● REQUIREMENT
Without the pictures, set down exactly the lines from the one that contains "Diodora Kids Boys Sweatshirt Printed" to the end of the entries, both included, and nothing besides.

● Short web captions
------------------------------------------------------------
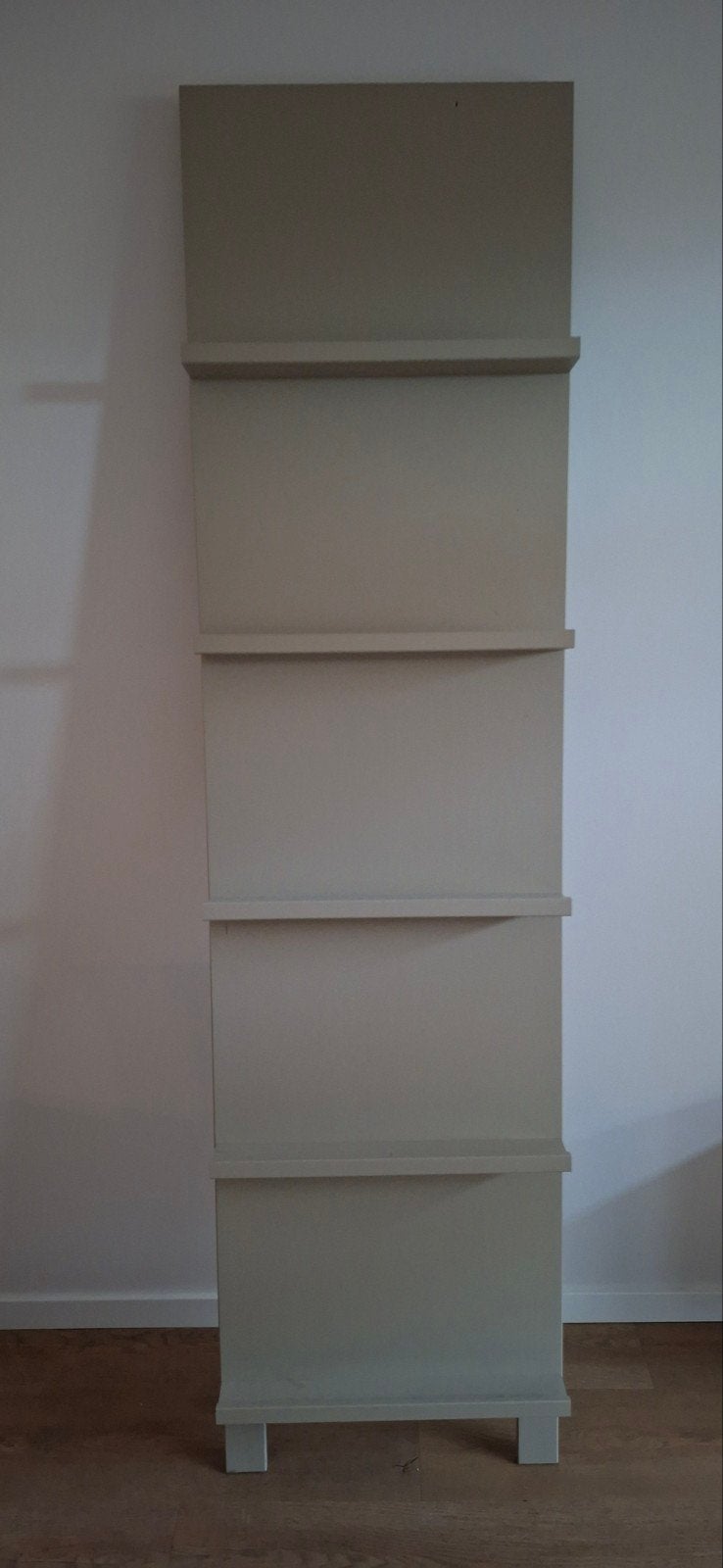 nieuwstaat vtwonen Pronkrek Grenen Darkgrau, Ophalen, Met plank(en), Gebruikt, 200 cm of meer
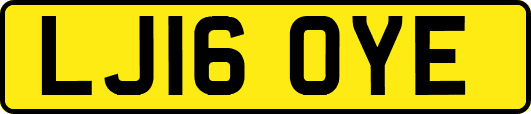 LJ16OYE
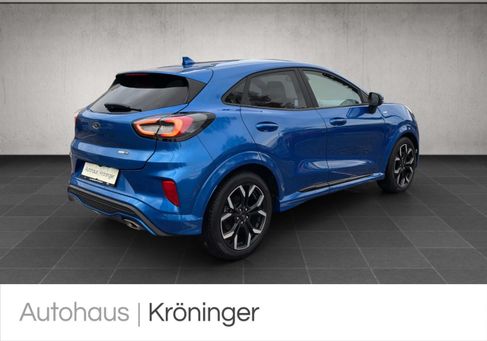 Ford Puma, 2020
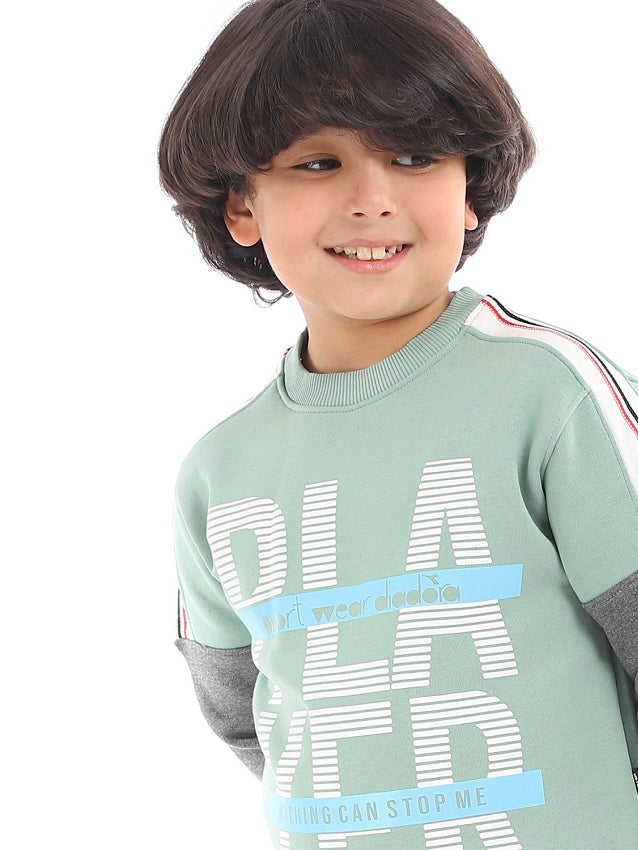 Diodora Kids Boys Sweatshirt Printed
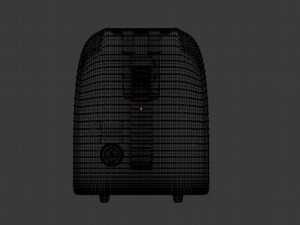 toaster 3D 模型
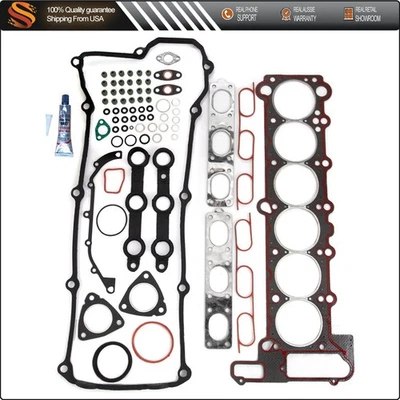 Juego de juntas de culata para BMW E36 E39 328is 323is 528i Z3 1996 1997-1999 2,5 L 2,8 L Foto 1 de 4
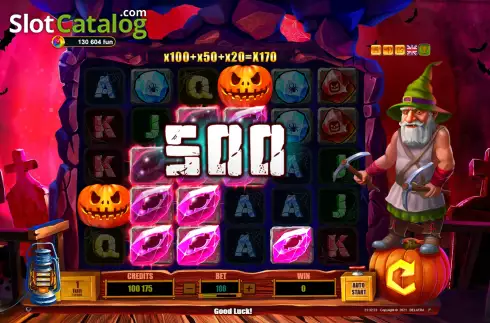 Οθόνη5. Halloween Crystals Κουλοχέρης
------------------------------------------------------------
● TASK RESULT
 Diodora Kids Boys Sweatshirt Printed
 toaster 3D 模型
 Juego de juntas de culata para BMW E36 E39 328is 323is 528i Z3 1996 1997-1999 2,5 L 2,8 L Foto 1 de 4
 Οθόνη5. Halloween Crystals Κουλοχέρης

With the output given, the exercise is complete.